Ingredients
- 1/2 cup water
- 1/2 cup sugar
- 1 cup (packed) dried Bing (sweet) cherries
- 1/3 cup kirsch (clear cherry brandy)
- 1 cup (2 sticks) unsalted butter, room temperature
- 1/2 cup sugar
- 1 large egg
- 1 teaspoon vanilla extract
- 2 cups all purpose flour
- 5 tablespoons unsweetened cocoa powder
- 1/2 teaspoon salt
- 3 large eggs
- 1/3 cup dark corn syrup
- 1/4 cup (1/2 stick) unsalted butter, melted
- 1 teaspoon vanilla extract
- 1/2 teaspoon (scant) salt
- 1/2 cup sugar
- 6 ounces bittersweet (not unsweetened) or semisweet chocolate, chopped
- Powdered sugar
- Unsweetened cocoa powder
Directions
- Stir 1/2 cup water and sugar in heavy medium saucepan over medium heat until sugar dissolves and syrup comes to boil.

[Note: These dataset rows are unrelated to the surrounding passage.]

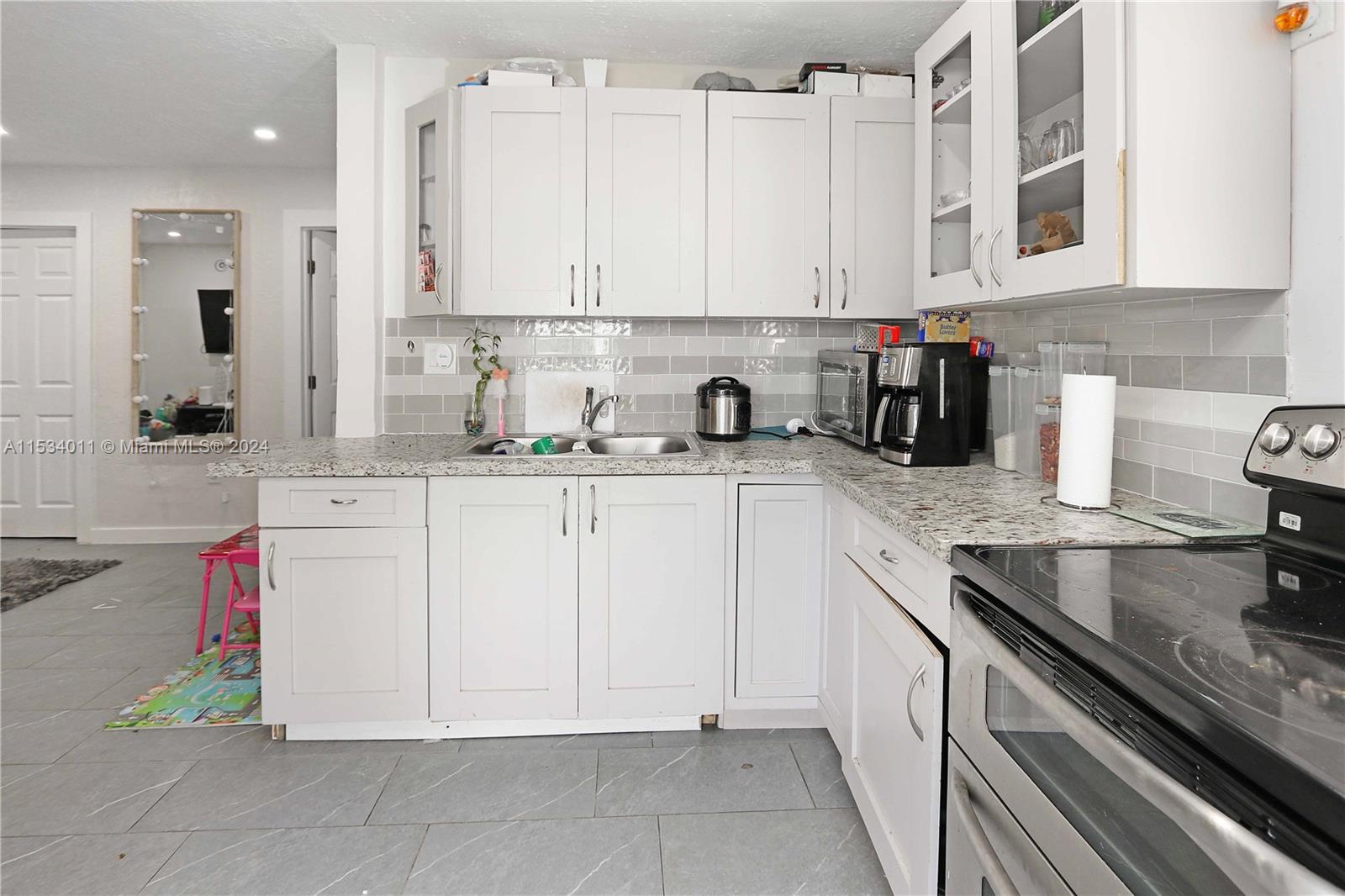 1810 Northwest 34th Street Miami, FL 33142 - Photo 15 of 33 a kitchen with stainless steel appliances granite countertop a sink and cabinets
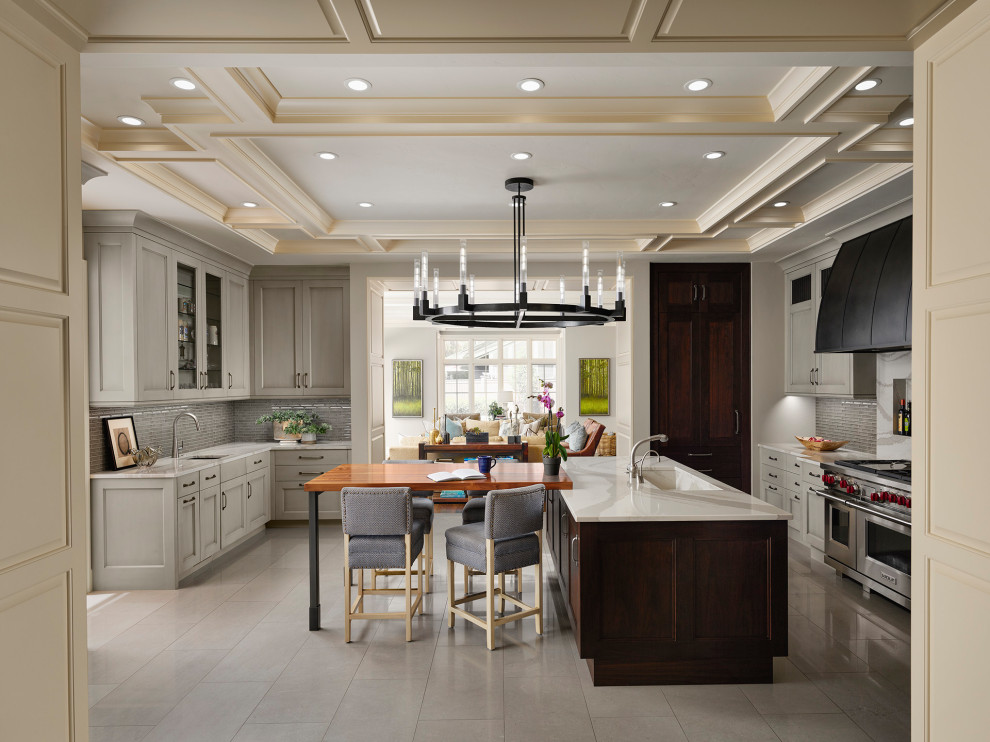 Example of a transitional kitchen design in Denver with dark wood cabinets and an island
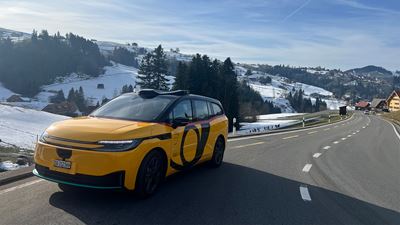 An automated electric car can be seen against a rural backdrop.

Add cherries. Remove mixture from heat; cool 30 minutes. Mix in kirsch. Cover and refrigerate 1 day.
- Using electric mixer, beat butter in large bowl until fluffy. Add sugar and beat until smooth. Beat in egg and vanilla. Sift flour, cocoa, and salt over; beat to blend. Using moistened fingertips, press dough over bottom and up sides of 11-inch-diameter tart pan with removable bottom. Cover and chill at least 1 hour and up to 1 day.
- Preheat oven to 350°F. Drain cherries, reserving cherry syrup. Sprinkle cherries in crust. Combine eggs, corn syrup, butter, vanilla, and salt in large bowl. Add sugar and 1/4 cup cherry syrup; beat to blend. Mix in chocolate. Pour filling into crust.
- Bake tart until set in center, about 1 hour. Cool on rack 30 minutes. (Can be made 1 day ahead. Cover; store at room temperature.) Release tart from pan. Dust with powdered sugar and cocoa. Serve warm or at room temperature.